Successful Projects

Girlguiding Berwickshire

Year Completed: 
2018

I applied to Blackhill Windfarm Community Fund for a grant towards a residential training week-end (w/e) for Guiders from Berwickshire.The application was handled by your committee who kindly donated the sum of £1000. This is an outline of how we used the generous donation for which all attendees expressed their gratitude.

As with all such arrangements, the numbers wishing/intending to attend fluctuated until very near the date itself. This in spite of the arrangement whereby deposits were forfeited for non-attendance but refunded to those who did attend. But finally twenty Guiders from the county took part in an interesting and stimulating w/e in which the new programme for Guiding across all sections was introduced and explained.

A copy of the “fees sheet” is included which shows the attendees’ charges for the w/e. These were slightly higher than I had anticipated but this was offset by us not having to pay a separate fee for the outdoor activities as these were supervised by the trainers to demonstrate the “out of doors” elements of the programme. However my estimate for travel costs was not far off the mark!

I also include a copy of the  “Guidance Notes” on the new programme which may help you to understand how we run our organisation and also the teaching timetable that shows we were kept pretty busy.

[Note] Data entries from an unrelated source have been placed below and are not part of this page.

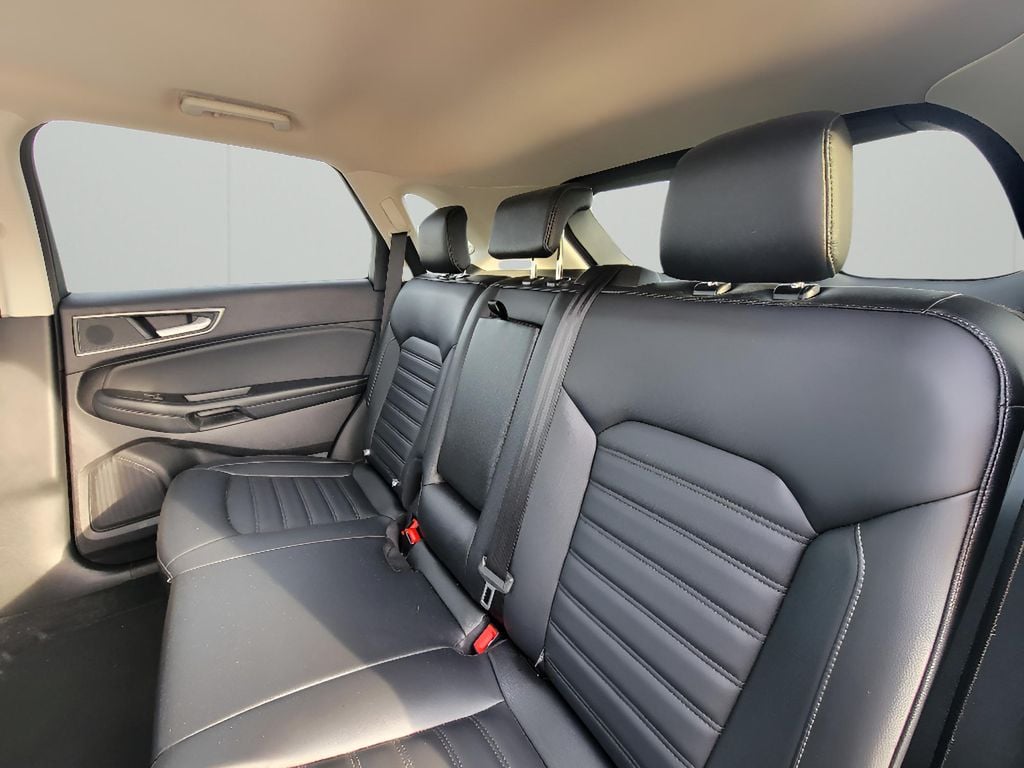 2024 Ford Edge SEL - Photo 25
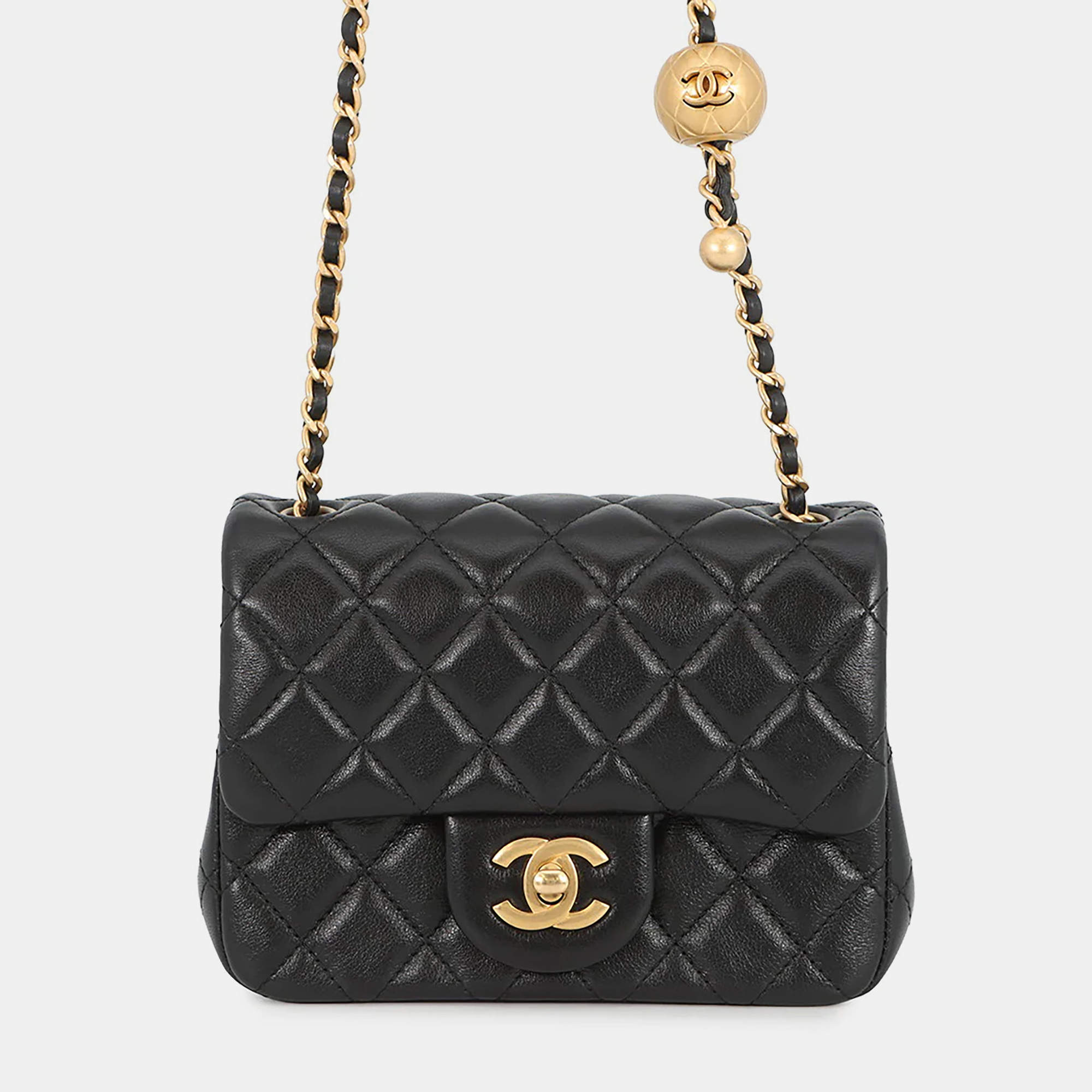 مملوكة مسبقًا Chanel Matelasse Black Lambskin Mini Chain shoulder Bag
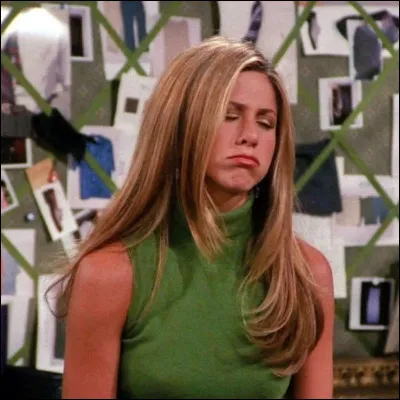 De quelle couleur la robe de Rachel durant sa première entrée dans la série est-elle ?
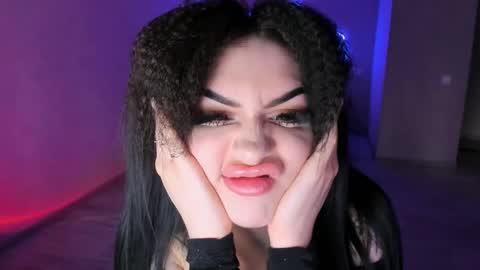 Snapshot of zoedrift chatting on October 5, 1:38 pm zoedrift online show from October 5, 1:38 pm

I hope you feel the grant you awarded the county was well used and in accordance with your ideals for community wellbeing. The leaders all seemed to enjoy themselves and left feeling less apprehensive about the changes and consequent work involved to implement the new programme.

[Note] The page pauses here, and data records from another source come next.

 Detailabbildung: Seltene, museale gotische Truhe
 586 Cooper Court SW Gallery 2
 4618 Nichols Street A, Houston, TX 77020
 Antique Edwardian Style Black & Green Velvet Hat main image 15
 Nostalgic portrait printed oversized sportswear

Once again I thank you for your interest in our organisation and generous award.

Jean MacNab
County Administrator

Re-Tweed

Year Completed: 
2018

Funds Received - £3,500.00

Re-Tweed received £3,500 in June 2018 towards the cost for a Volunteer Support Worker.  Funding was matched with impact funding.  Since receiving the funding 18 volunteers were involved, most of whom are graduates from Re-Tweeds Level 1 training course.  3 out 18 where not former students.  Volunteers come from a wide range of women from different backgrounds, some with complex health issues or others wanting to return to work.

 

In 3 years Re-Tweed have gone from having 1 member of staff to having 8 members of staff, all local, 4 of whom were former students.  All volunteers get personal development training and are told that ReTweed is not a final destination and are encouraged to continuously move forward.  Training included first aid, health & safety, customer service, business gateway training.  We also held a volunteer development session to sit down and discuss what has worked and what has not worked and how do we improve it.  Most important was the sense of achievement the individual women felt and the impact that this also has on each family and the wider community.  2 volunteers have gone on to set up their own businesses and 5 more are in the process of setting up their own businesses.  ReTweed are providing wrap around support. 

 

Trading income from the items that are made continues to increase.  £2k in 1st year which raised to £6k in 3rd year.  Profits from trading being channelled into supporting the new businesses being set up.  We have a shop is based in Eyemouth and products also being sold around the area and as cultural exchange gifts.  We also hope to raise the trading income above the funding income.  Constantly evaluating our environmental, social, business objectives.

 

Business model has been sold to Dumfries & Galloway Council and Langholm Initiative. Highlands and Islands also looking for ReTweed to deliver the model to them.  We are also in talks with Scottish Prison Service and Remade Network and online sales are being developed.  The funding received from BWCF and other local windfarm funds inspires other larger funders to also support.

 

Thank you for believing in us.

Verbal report received a our AGM in August 2019

The Learning Space

Year Completed: 
2018

Funds Received - £2,718.00

In September 2018 The Learning Space received £2,718.00 to renovate the scotch ovens at their premises in Gavinton.  The Learning Space work with local young people with learning barriers.  Funding was put towards reinstating the old ovens that had not been used for a near 50 years.  Local trades men quoted to do the work, with Craftec selected to make new doors for the ovens.  Local builder, Border Build & Renovation, had family connections and helped to reinstate the chimney and repair slates etc.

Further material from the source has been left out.